_Try it_.
Within the material below, transcribe exactly the lines from the one holding "Фото Автосервис ГАРАЖ" through the one holding "الأمين الأحد المقبل", keeping both ends and skipping the rest.

_Dataset_.
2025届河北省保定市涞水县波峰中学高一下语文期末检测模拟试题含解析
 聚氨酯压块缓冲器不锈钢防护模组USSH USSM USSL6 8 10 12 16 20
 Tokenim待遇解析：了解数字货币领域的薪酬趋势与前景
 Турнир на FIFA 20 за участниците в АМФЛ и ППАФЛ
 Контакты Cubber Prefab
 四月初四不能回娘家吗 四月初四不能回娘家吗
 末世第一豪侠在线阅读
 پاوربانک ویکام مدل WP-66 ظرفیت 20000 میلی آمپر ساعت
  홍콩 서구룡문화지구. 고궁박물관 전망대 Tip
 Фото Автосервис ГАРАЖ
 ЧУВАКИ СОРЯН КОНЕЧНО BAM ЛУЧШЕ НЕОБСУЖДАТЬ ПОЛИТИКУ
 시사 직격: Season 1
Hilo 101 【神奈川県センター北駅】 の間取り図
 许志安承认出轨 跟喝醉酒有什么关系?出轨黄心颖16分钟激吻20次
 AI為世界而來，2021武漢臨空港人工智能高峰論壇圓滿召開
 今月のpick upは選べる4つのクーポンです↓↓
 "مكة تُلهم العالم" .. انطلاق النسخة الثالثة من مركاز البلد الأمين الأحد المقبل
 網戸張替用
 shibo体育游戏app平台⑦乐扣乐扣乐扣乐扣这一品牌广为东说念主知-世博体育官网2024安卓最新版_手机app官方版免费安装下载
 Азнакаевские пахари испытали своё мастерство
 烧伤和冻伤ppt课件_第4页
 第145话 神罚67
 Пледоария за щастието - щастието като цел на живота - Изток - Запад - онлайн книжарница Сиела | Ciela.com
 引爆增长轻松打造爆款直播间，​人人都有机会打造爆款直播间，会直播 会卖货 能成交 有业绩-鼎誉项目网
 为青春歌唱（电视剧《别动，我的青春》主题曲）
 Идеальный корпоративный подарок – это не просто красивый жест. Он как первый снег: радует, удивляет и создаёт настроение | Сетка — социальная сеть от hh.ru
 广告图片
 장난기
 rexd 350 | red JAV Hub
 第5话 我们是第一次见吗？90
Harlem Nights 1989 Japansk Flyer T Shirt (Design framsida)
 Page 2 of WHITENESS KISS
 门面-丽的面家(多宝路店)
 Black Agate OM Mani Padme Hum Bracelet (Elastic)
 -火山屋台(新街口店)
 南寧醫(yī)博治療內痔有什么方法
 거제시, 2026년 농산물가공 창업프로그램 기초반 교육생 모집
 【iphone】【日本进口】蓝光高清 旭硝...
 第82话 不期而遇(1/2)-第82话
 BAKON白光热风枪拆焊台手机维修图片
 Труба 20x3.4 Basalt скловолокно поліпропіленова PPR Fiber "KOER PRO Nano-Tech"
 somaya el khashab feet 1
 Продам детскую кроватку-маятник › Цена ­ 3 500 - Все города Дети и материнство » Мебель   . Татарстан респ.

_Problem solution_.
 Фото Автосервис ГАРАЖ
 ЧУВАКИ СОРЯН КОНЕЧНО BAM ЛУЧШЕ НЕОБСУЖДАТЬ ПОЛИТИКУ
 시사 직격: Season 1
Hilo 101 【神奈川県センター北駅】 の間取り図
 许志安承认出轨 跟喝醉酒有什么关系?出轨黄心颖16分钟激吻20次
 AI為世界而來，2021武漢臨空港人工智能高峰論壇圓滿召開
 今月のpick upは選べる4つのクーポンです↓↓
 "مكة تُلهم العالم" .. انطلاق النسخة الثالثة من مركاز البلد الأمين الأحد المقبل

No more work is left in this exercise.